Aductos-ADN-Aflatoxina como biomarcadores de exposición en grupos de riesgo de cáncer de hígado

Dra. María T. Álvarez Bañuelos,1 Dra. Magda Carvajal Moreno,2 Dra. Nora Ruisánchez Peón3 y Dr. Francisco Rojo4

Resumen

La aflatoxina B1 está entre los más potentes carcinógenos conocidos. La presencia de esta toxina parece ser más frecuente en la orina de personas que han sufrido infecciones por el virus B de la hepatitis. En nuestro trabajo se estudió un grupo de 210 pacientes provenientes del Instituto de Nutrición "Salvador Zubirán" de México con diagnóstico de hepatitis B y C crónicas, cirrosis viral y alcohólica, y grupos controles. Las muestras de orina fueron procesadas y purificadas con columnas de afinidad y cuantificadas por ELISA y HPLC. Los resultados revelaron que el niel más alto de aflatoxinas obtenido correspondió a los grupos de riesgo de hepatitis B crónica (50 %) seguido por los de cirrosis (26 %) y por último el de hepatitis C (16,6 %). Estos resultados apoyan la validez de los aductos alfatoxina-ADN como un buen biomarcador de la expresión de este cancerígeno y su importancia en relación con las enfermedades hepáticas estudiadas.
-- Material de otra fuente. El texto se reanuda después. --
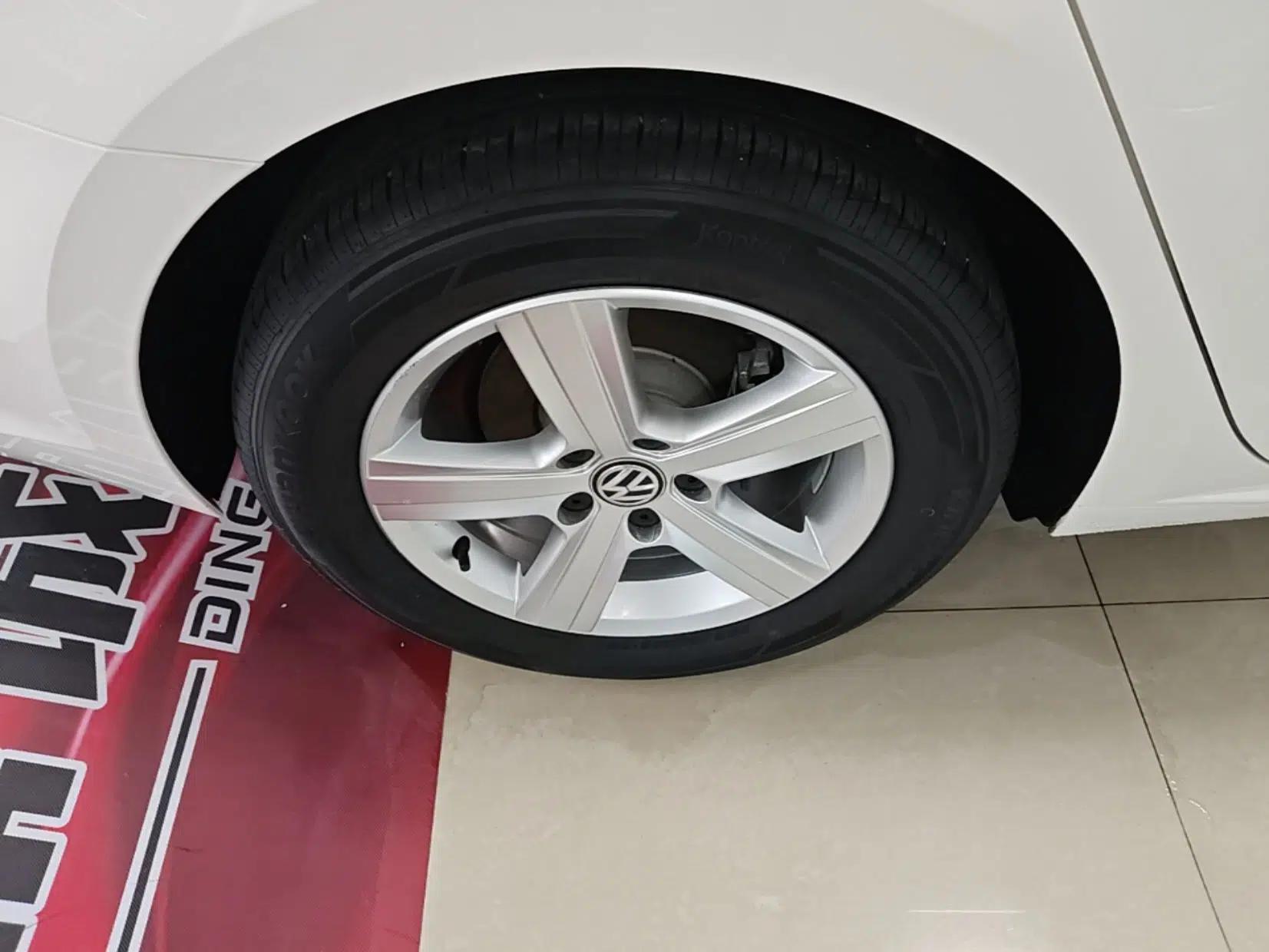 Volkswagen Lamando 2021 230TSI DSG Fashion Edition — миниатюра 11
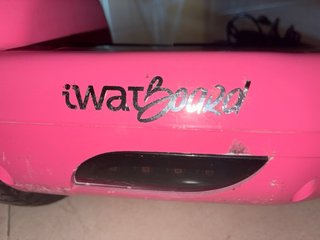 Hoverboard rosa con cargador y funda.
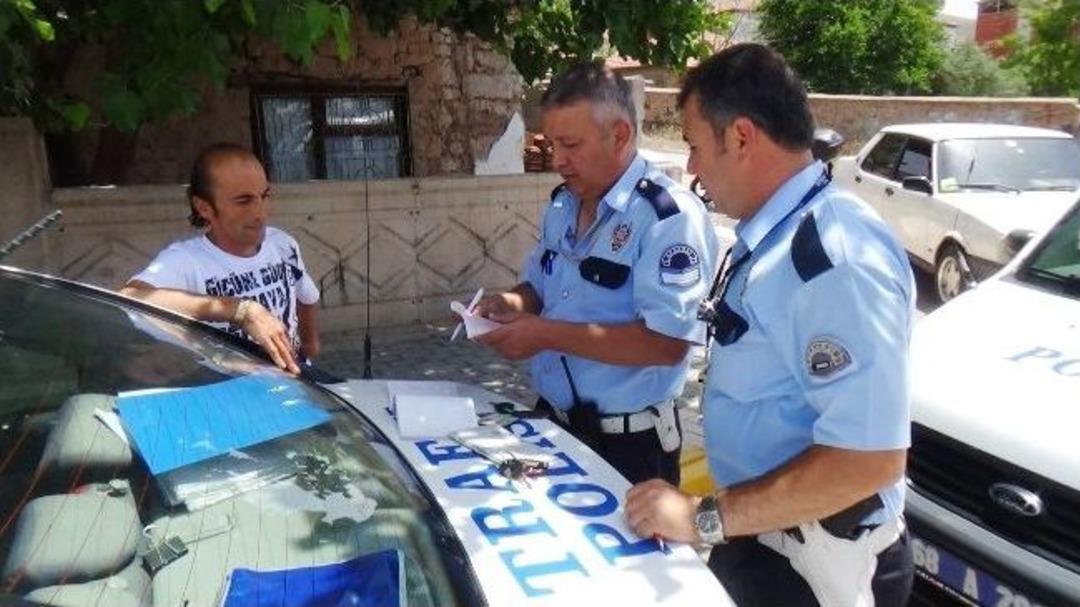 (&ouml;zel Haber) Kırmızı Işıkta Ge&ccedil;en S&uuml;r&uuml;c&uuml; Ehliyetsiz &Ccedil;ıktı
Descriptores DeCS: ADUCTORES DE ADN/orina; AFLATOXINA B1/orina; HEPATOPATIAS/orina; NEOPLASMAS HEPATICOS/prevención y control.

La aflatoxina B1 (AFB1) está entre los más potentes carcinógenos conocidos para algunas especies animales y el hombre. La capacidad de la AFB1 para producir mutaciones se conoce por la habilidad de un metabolito activado para unirse covalentemente a la guanina del ADN en la posición N-7 (aducto) y esta reacción podría ser importante en el inicio del cáncer.1

Una serie de investigaciones epidemiológicas y de laboratorio han establecido una asociación entre hepatitis B crónica y el carcinoma hepatocelular.2-3 La relación entre estas 2 enfermedades ha sido argumentada por la presencia del ADN viral en células hepáticas tumorales, siendo 300 veces superior al riesgo de desarrollar un hepatocarcinoma por un portador crónico del virus de la hepatitis B que un no portador.4-5

Estudios epidemiológicos realizados en Asia y África han asociado la incidencia de cáncer primario del hígado con el consumo de alimentos contaminados con aflatoxinas.6,7

Aunque el cáncer hepático primario no está entre las primeras causas de muerte por cáncer a nivel mundial, no por eso tiene menos importancia que los que le preceden en este fatídico orden.8 Es sabido que esta neoplasia es muy agresiva y poco se logra para mejorar la sobrevida de estos pacientes con los métodos terapéuticos actuales. Por lo que se debe aprovechar todos los medios posibles para lograr una prevención efectiva. Lo que pudiera lograrse desarrollando técnicas dirigidas a la prevención de enfermedades que se sabe que son precursoras o predisponentes al cáncer hepático como las hepatitis y cirrosis.

Métodos

Selección y recolección de muestras.

Fueron seleccionados pacientes de la consulta de Gastroenterología del Instituto Nacional de Nutrición "Salvador Zubirán" de México con diagnóstico de hepatitis B (HBV), hepatitis C (HCV), cirrosis hepática de origen viral (CHV) y cirrosis hepática alcohólica (CHA), los que se corresponden con grupos de riesgo para cáncer de hígado primario (CHP) y como controles: enfermos con insuficiencia renal (IR), enfermedad crónica no hepática (ECNH) y además individuos aparentemente sanos. Se estudió un total de 210 individuos entre los grupos de riesgo y controles incluyendo los sanos, con 30 miembros cada grupo.

El estudio fue realizado con las orinas de 24 horas de los individuos seleccionados, las cuales se concentraron con cartuchos de Sep-pak, C-18 y purificaron en columnas monoclonales de antiaflatoxinas totales (Biocot).

Método de ELISA inhibitoria y de cromatografía de líquidos (HPLC)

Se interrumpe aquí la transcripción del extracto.